═══ INFORMATION SHOWN

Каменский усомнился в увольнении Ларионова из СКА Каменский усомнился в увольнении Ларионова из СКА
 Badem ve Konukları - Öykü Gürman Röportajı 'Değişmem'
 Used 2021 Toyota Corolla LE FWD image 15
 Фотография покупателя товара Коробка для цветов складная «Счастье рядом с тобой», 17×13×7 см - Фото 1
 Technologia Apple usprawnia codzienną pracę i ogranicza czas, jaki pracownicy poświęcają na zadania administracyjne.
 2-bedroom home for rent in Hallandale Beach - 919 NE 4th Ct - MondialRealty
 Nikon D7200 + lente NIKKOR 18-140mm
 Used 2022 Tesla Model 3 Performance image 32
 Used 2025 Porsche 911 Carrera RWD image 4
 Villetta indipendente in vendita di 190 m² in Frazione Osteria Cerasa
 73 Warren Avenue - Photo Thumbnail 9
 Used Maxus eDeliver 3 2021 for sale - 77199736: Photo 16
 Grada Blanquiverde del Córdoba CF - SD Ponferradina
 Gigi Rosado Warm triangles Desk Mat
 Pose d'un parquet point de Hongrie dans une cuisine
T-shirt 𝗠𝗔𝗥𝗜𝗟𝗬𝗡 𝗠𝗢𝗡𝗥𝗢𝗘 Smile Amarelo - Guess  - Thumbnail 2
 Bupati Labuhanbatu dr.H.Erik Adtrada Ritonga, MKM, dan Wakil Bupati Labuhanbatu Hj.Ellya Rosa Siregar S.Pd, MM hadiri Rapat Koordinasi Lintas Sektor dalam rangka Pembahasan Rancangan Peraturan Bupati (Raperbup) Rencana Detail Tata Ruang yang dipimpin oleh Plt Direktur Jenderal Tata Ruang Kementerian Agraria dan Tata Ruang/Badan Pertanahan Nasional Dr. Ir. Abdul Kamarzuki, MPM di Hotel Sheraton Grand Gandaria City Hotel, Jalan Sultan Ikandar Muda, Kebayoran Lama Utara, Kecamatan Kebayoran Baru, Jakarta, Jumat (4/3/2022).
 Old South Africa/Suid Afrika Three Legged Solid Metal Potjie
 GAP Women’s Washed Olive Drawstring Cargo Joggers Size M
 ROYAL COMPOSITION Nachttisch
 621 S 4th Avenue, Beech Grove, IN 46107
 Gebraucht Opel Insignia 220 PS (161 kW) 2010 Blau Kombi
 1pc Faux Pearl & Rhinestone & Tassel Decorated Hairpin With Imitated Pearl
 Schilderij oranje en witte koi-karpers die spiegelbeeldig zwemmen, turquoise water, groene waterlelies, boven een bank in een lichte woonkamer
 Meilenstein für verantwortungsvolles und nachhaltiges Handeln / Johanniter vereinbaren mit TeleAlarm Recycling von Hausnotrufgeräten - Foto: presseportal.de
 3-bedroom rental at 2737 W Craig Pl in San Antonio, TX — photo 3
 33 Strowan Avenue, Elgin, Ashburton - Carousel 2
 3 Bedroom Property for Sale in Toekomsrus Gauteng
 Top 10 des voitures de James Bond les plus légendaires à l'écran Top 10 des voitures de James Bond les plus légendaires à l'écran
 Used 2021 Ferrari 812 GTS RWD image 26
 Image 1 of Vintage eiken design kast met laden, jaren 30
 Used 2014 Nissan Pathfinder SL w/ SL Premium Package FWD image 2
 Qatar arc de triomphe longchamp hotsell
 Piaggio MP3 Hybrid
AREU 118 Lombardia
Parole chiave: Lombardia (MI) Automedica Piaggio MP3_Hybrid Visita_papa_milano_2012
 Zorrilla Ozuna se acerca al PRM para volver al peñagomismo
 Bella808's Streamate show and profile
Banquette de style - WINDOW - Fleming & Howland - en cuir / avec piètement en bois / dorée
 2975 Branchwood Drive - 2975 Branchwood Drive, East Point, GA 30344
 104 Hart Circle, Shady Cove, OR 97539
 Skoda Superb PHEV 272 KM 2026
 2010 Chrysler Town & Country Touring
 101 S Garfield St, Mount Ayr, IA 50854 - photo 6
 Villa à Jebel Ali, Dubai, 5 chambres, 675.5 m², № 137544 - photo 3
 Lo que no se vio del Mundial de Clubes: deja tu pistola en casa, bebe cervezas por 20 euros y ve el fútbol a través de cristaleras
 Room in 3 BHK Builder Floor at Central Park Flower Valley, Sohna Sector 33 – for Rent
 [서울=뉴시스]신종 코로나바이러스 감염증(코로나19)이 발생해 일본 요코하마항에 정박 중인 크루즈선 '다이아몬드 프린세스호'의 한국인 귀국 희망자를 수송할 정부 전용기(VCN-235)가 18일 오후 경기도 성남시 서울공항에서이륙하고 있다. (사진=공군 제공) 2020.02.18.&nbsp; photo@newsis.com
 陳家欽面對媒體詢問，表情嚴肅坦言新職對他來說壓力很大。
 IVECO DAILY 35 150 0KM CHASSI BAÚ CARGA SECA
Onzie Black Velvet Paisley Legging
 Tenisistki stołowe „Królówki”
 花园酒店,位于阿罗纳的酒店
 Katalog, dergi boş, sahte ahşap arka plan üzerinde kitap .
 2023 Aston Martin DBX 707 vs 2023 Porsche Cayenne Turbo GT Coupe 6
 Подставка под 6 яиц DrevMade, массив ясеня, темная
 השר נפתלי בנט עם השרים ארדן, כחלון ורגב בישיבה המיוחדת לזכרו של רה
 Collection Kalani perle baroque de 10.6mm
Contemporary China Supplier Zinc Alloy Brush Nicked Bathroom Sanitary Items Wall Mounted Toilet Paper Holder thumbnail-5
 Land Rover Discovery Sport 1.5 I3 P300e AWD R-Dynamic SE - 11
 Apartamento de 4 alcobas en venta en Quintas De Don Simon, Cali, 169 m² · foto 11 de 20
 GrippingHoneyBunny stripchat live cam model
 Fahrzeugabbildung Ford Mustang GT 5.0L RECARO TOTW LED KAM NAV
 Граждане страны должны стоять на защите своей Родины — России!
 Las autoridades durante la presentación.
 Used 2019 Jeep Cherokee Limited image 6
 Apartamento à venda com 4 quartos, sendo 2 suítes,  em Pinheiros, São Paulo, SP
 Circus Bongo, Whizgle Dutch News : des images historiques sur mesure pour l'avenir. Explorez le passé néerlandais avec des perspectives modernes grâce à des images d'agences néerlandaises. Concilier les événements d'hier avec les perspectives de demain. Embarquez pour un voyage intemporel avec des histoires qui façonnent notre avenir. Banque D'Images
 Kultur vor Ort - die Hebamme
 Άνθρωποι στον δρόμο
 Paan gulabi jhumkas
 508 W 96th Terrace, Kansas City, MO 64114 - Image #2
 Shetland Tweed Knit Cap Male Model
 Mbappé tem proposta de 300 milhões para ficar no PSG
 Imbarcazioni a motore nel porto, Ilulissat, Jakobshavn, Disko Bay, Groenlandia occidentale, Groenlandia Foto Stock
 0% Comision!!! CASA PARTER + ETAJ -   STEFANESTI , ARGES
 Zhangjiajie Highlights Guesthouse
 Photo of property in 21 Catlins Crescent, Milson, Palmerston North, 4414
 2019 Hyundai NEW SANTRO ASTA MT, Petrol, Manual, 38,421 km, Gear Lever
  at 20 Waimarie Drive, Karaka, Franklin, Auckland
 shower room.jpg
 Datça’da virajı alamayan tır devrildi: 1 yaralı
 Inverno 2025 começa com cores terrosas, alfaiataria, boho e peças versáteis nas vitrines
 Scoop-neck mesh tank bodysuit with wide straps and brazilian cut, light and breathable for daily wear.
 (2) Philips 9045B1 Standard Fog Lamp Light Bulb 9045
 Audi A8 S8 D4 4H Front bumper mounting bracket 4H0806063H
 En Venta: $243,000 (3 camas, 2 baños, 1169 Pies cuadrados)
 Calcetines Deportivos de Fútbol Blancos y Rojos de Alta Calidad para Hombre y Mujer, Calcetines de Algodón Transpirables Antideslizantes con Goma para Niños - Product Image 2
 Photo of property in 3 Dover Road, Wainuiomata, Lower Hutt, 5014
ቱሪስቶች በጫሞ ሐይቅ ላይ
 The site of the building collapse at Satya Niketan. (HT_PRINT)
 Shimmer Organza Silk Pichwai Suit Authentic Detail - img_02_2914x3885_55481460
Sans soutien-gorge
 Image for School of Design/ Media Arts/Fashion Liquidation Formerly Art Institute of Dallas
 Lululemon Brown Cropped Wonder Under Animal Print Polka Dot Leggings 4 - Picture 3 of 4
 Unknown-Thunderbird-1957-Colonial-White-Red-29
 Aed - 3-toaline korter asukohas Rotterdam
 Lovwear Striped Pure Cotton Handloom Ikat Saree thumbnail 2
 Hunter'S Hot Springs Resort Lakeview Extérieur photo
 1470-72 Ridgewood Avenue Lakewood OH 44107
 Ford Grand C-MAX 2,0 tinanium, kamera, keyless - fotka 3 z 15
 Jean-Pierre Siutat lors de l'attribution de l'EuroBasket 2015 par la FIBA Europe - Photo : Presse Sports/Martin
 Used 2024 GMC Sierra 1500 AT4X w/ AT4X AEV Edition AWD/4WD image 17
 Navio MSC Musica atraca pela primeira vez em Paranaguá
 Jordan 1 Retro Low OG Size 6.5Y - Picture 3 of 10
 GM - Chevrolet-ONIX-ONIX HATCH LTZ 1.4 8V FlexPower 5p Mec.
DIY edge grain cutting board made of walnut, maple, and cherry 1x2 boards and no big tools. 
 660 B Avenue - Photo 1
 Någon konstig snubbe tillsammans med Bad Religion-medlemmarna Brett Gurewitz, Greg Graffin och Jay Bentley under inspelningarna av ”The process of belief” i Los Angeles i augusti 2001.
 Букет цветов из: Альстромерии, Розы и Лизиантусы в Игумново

══════

**PROBLEM:**
Copy out the line holding "Image for School" along with all lines after it through the end of the entries, exactly and only these.

**RESPONSE FOR THIS EXERCISE:**
 Image for School of Design/ Media Arts/Fashion Liquidation Formerly Art Institute of Dallas
 Lululemon Brown Cropped Wonder Under Animal Print Polka Dot Leggings 4 - Picture 3 of 4
 Unknown-Thunderbird-1957-Colonial-White-Red-29
 Aed - 3-toaline korter asukohas Rotterdam
 Lovwear Striped Pure Cotton Handloom Ikat Saree thumbnail 2
 Hunter'S Hot Springs Resort Lakeview Extérieur photo
 1470-72 Ridgewood Avenue Lakewood OH 44107
 Ford Grand C-MAX 2,0 tinanium, kamera, keyless - fotka 3 z 15
 Jean-Pierre Siutat lors de l'attribution de l'EuroBasket 2015 par la FIBA Europe - Photo : Presse Sports/Martin
 Used 2024 GMC Sierra 1500 AT4X w/ AT4X AEV Edition AWD/4WD image 17
 Navio MSC Musica atraca pela primeira vez em Paranaguá
 Jordan 1 Retro Low OG Size 6.5Y - Picture 3 of 10
 GM - Chevrolet-ONIX-ONIX HATCH LTZ 1.4 8V FlexPower 5p Mec.
DIY edge grain cutting board made of walnut, maple, and cherry 1x2 boards and no big tools. 
 660 B Avenue - Photo 1
 Någon konstig snubbe tillsammans med Bad Religion-medlemmarna Brett Gurewitz, Greg Graffin och Jay Bentley under inspelningarna av ”The process of belief” i Los Angeles i augusti 2001.
 Букет цветов из: Альстромерии, Розы и Лизиантусы в Игумново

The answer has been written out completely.